Having come to the end of this post, it seems that this topic might be a bit tangential to what most of you might be interested in.  Let’s assume that it is really meant for the tinkerers out there that like to know where the disk space is really being used.  Please expect a few more words about this area in the coming weeks.

Blocks Versus Files

This topic presents an interesting problem.  A disk is made up of sectors which are arranged as clusters by the file system.  Both NTFS and FAT use a cluster model to clump together sectors into bigger chunks.  The cluster model has been around since the original DOS and still runs strong today.  The boot sector of the volume contains how many sectors of a certain size belong to one cluster.  On my Vista system the clusters are 4K (8 sectors of 512 bytes each).  This can vary for USB Flash Drives and smaller hard drives.  My flash drive reports a cluster size of 32K (64 sectors/cluster).  All of this is fine but then the question becomes why should I care?

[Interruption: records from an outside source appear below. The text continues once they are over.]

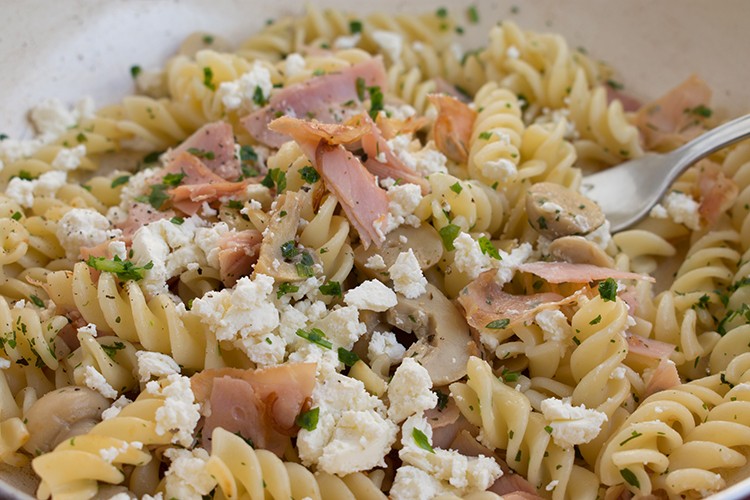 Spirelli mit Hüttenkäse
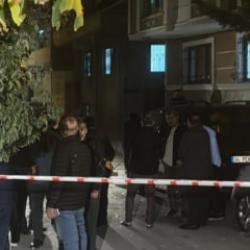 Bağcılar'da bir evde t&uuml;p patladı: Yaralılar var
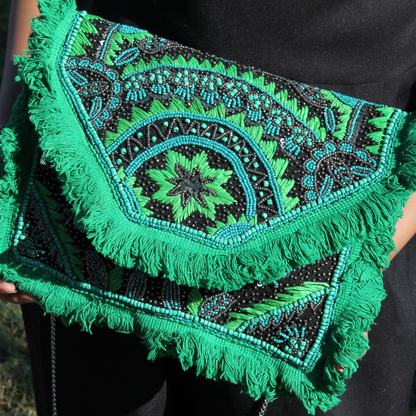 Green beads clutch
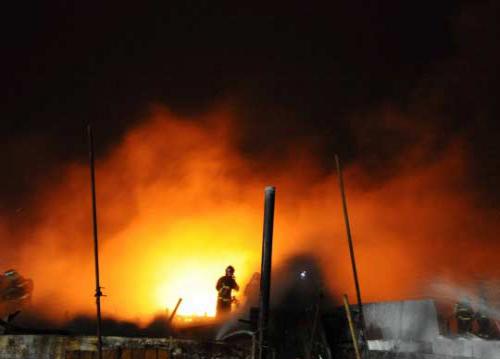 10月24日，消防队员在火灾现场扑救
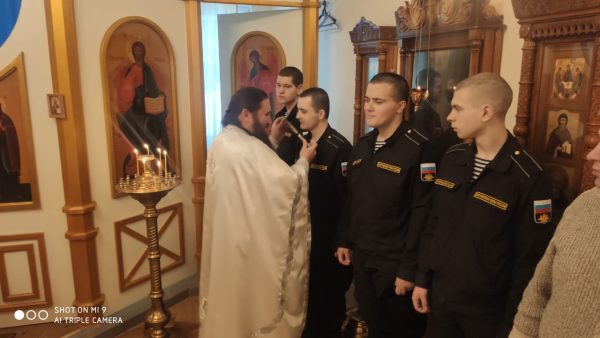 Крещенское богослужение в войсковом храме.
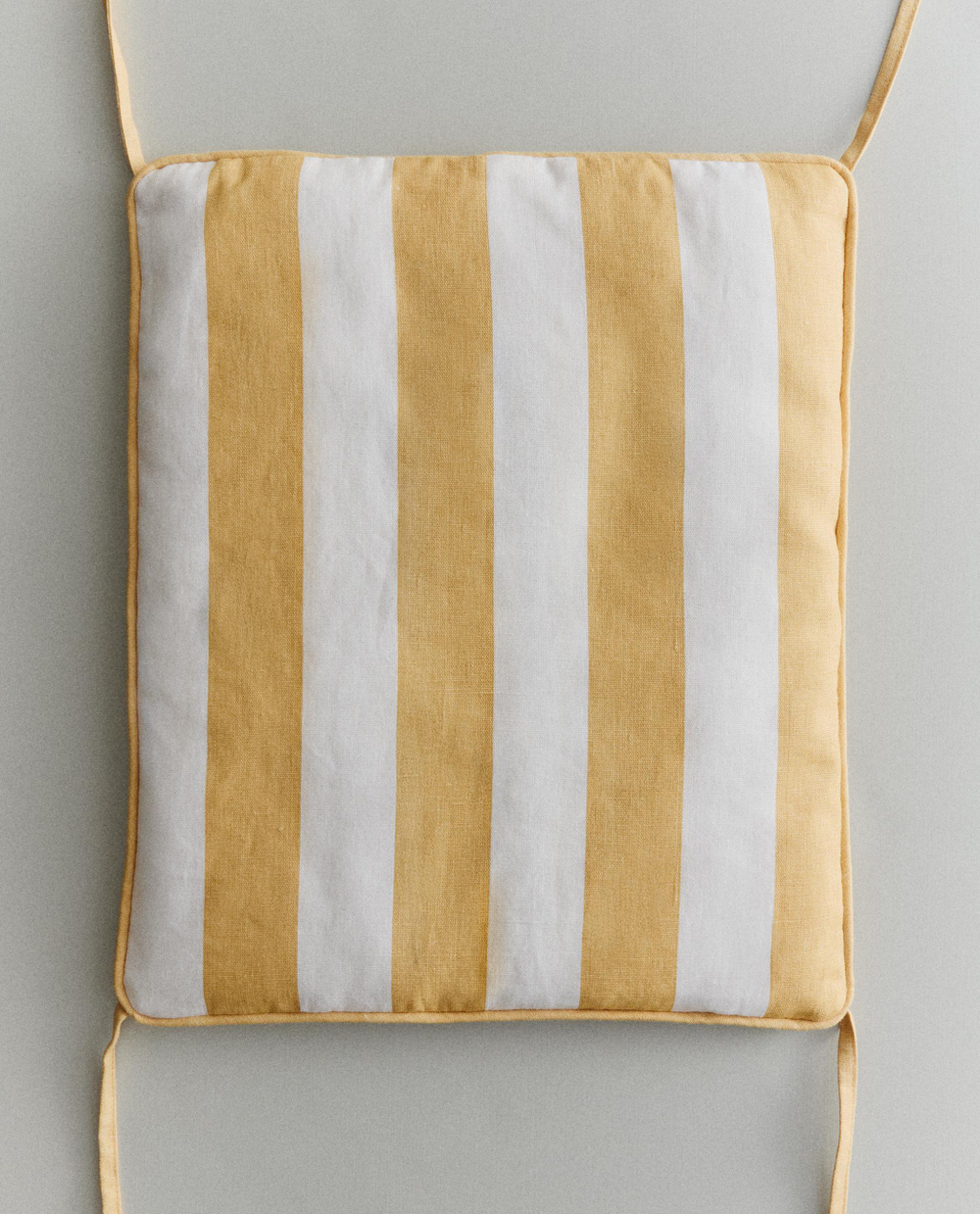Декоративная подушка Zara Home, 37х44 см, хлопок, 1387/009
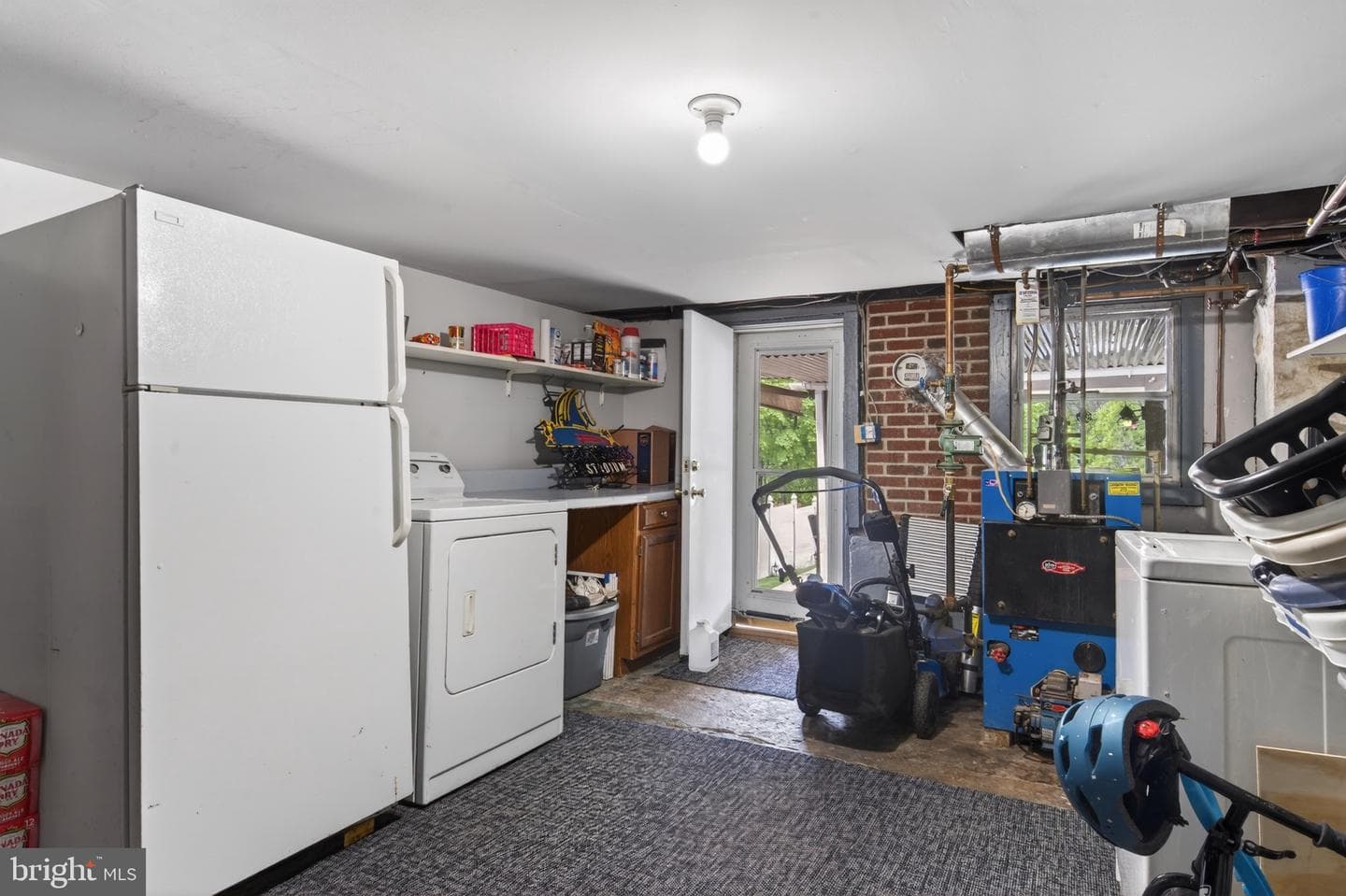 347 E Union Street photo 50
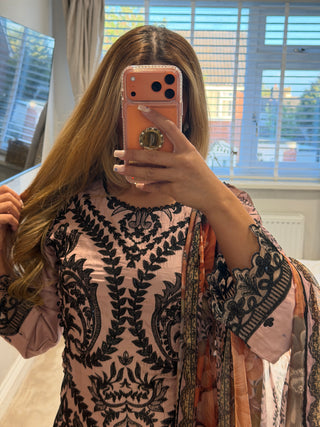 Esra Blush x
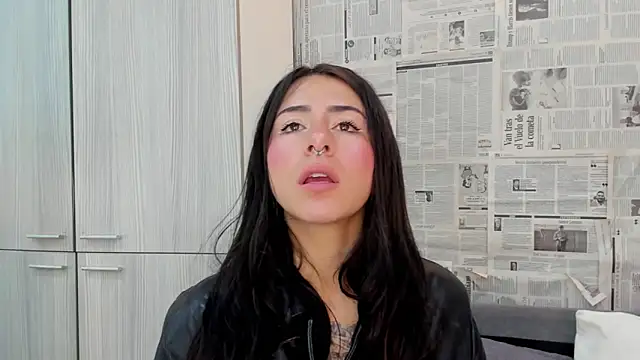 Snapshot of Mhelanny2 chatting on 01-25-25, 12:16 Mhelanny2 online show from 01-25-25, 12:16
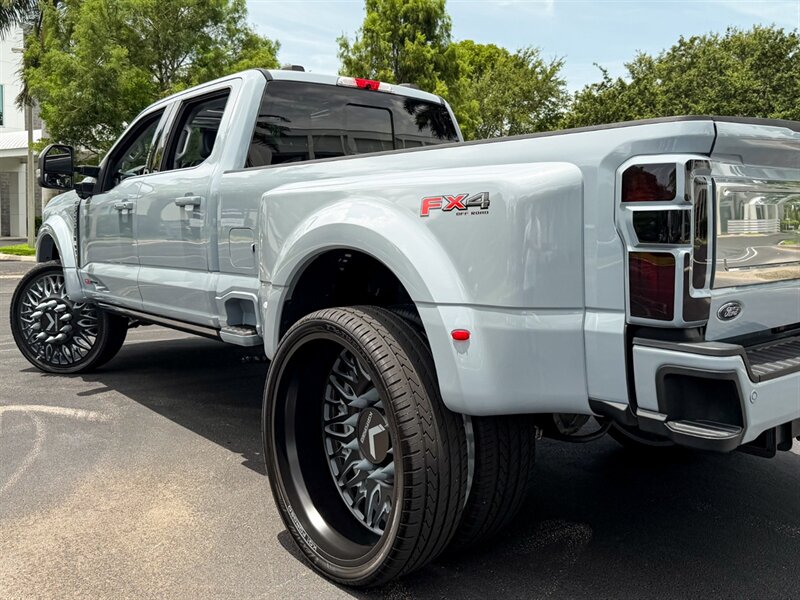 2024 Ford F-450 Super Duty Limited   - Photo 48 - Bonita Springs, FL 34134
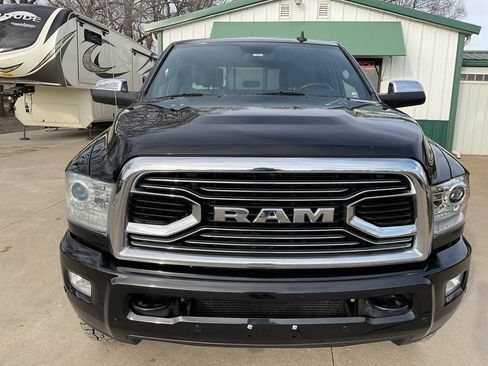 Used 2017 RAM 2500 Limited image 4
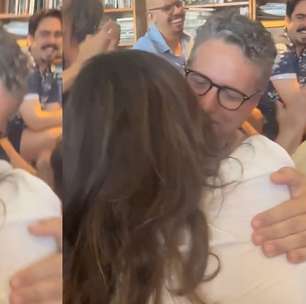 Após indicação ao Oscar, diretor de 'O Agente Secreto' dá beijão na esposa e comemora: 'Muito feliz com esse dia'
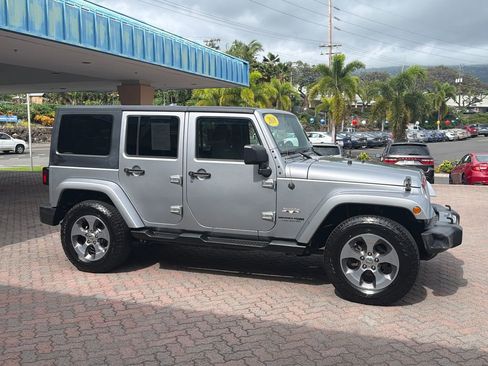 Used 2018 Jeep Wrangler Unlimited Sahara AWD/4WD image 6
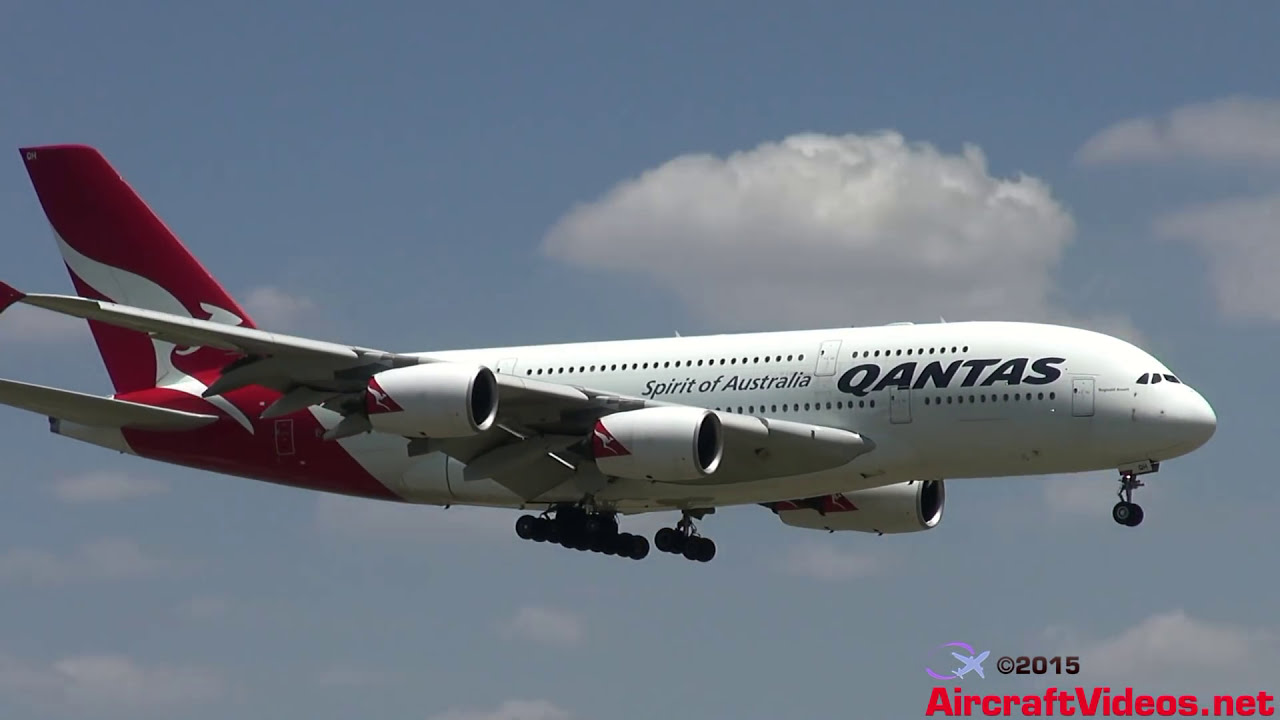 QANTAS A380-842 [VH-OQH] w/ Go-Around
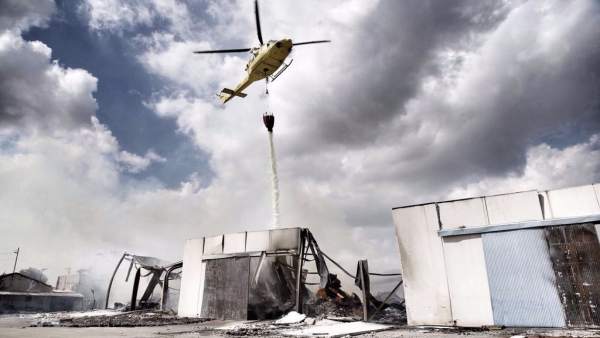 El helicóptero del Consorcio descarga sobre la fábrica El helicóptero del Consorcio descarga sobre la fábrica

The answer becomes more relevant when virtualization comes into the picture.  For a VM, the disk is virtual and is actually a file within another file system (most of the time).  Microsoft and Citrix use the VHD format for the VM files.  The VHD specification is public knowledge since Microsoft has documented as of a couple of years ago.  Given that there is a VHD file, everything needed by the operating system is there.  However, it becomes very difficult to manage this information from the outside.  Yes, there are ways to mount VHD drives within a native operating system, but this process is not necessarily easy to automate.  Well, at least not for everyone.

Then a new factor enters the equation.  Since the outside tools cannot see inside the VHD to understand what Windows is actually using, it becomes very difficult to do any kind of analysis or consolidation.  Microsoft does have a solution for compressing a VHD with Virtual PC 2007.  Unfortunately, there are many steps and it involves executing code both inside and outside the VM.  Wouldn’t it be nice if this could be managed completely from the outside?  Wouldn’t it be nice if every cluster (block) was paired with a file?

This sounds difficult and overall the problem is very tough.  The benefits however would be huge.  Basically any file operation performed on the inside could potentially be performed on the outside.  This would include things like defragmentation and shrinking the VHD to get rid of the blank chunks.  It could also include peering into the VHD to see what is there and even the hope of doing updates.

Other possible ventures would include merging virtual disks and even creating virtual disks out of multiple virtual disks.  It is possible to focus on the files instead of the blocks, it would much more possible to have base and delta disks which would both be allowed to change but yet form a cohesive volume to the user.  It is good to dream.

The sources of information look promising.  Microsoft has published APIs related to defragmenting disks which can locate a file on disk.  The API also allow for cluster relocation.  Beyond this, there are projects for Linux to understand NTFS.  Those teams have done much to discover the structure of NTFS and have included this knowledge in their programs and their documentation.  With these kind of guidelines, with patience, NTFS starts to open up and new things become possible.

There is a bit of vagueness about going on here.  It is still too early to talk about in detail.  However, it does seem that specific tasks are within reach which did not look so possible before.  Combining the knowledge of VHD with NTFS to form new tools looks incredibly attractive.